U.S. Fish and Wildlife Director Dies

U.S. Fish and Wildlife Director Sam Hamilton passed away suddenly this past Saturday.

Hamilton’s 30-year career with Fish & Wildlife—one that started when he was a teen with a curiosity about nature sparked by building waterfowl pens and banding ducks and geese—included a stint on the Young Adult Conservation Corps, a dozen years as director of FWS’ Southeast Region, and most recently, six months as one of President Obama’s top nature and environment guys.

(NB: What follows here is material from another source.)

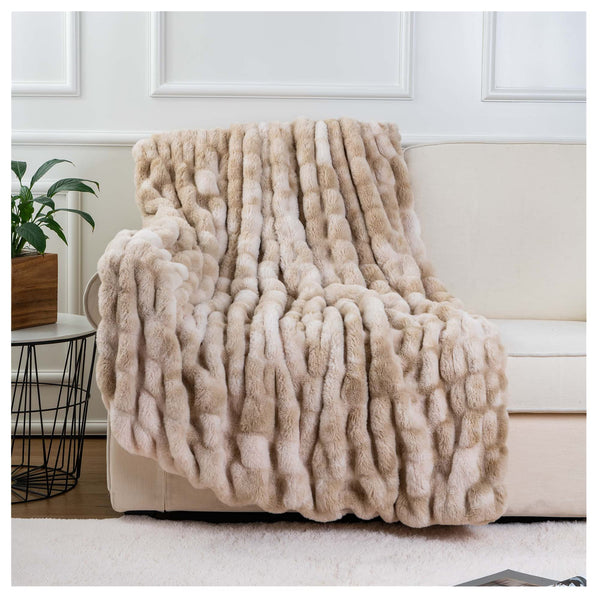 Brand New Pallet - BATTILO HOME Faux Fur Throws - 21 Items - RRP €2099.79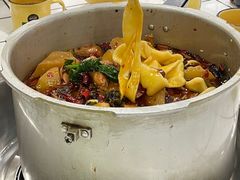 -晓彭肥肠鸡·泡椒鸡火锅(水木天地店)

Some highlights of his three decades at FWS (from his Department of the Interior bio and testimony before the Senate Environment and Public Works Committee last July) include:

- working to protect 350 endangered/threatened species and overseeing more than 120 wildlife sanctuaries
- a carbon sequestration program that restored 80,000 acres
- establishing the Southeast Aquatic Resources Partnership, a collaboration of 14 southern states—Alabama, Arkansas, Florida, Georgia, Kentucky, Louisiana, Mississippi, Missouri, North Carolina, Oklahoma, South Carolina, Tennessee, Texas and Virginia—to protect and improve aquatic habitats
- overseeing Everglades recovery and restoration after Hurricanes Katrina and Rita

He worked by the philosophy, “As the wildlife goes, so goes the nation,” expressing to the Senate Committee last July his concerns and ideas about how climate change is affecting wildlife and birds.

“We now have incontrovertible evidence that many species of America’s birds are in serious trouble,” he said, referring to the 2009 State of the Birds report, on which the National Audubon Society collaborated. But, he concluded, “bird populations show amazing resilience and ability to recover when the health of their habitat is sustained or restored.”

Hamilton was just 54. He died after suffering from chest pains while skiing, according to the Associated Press.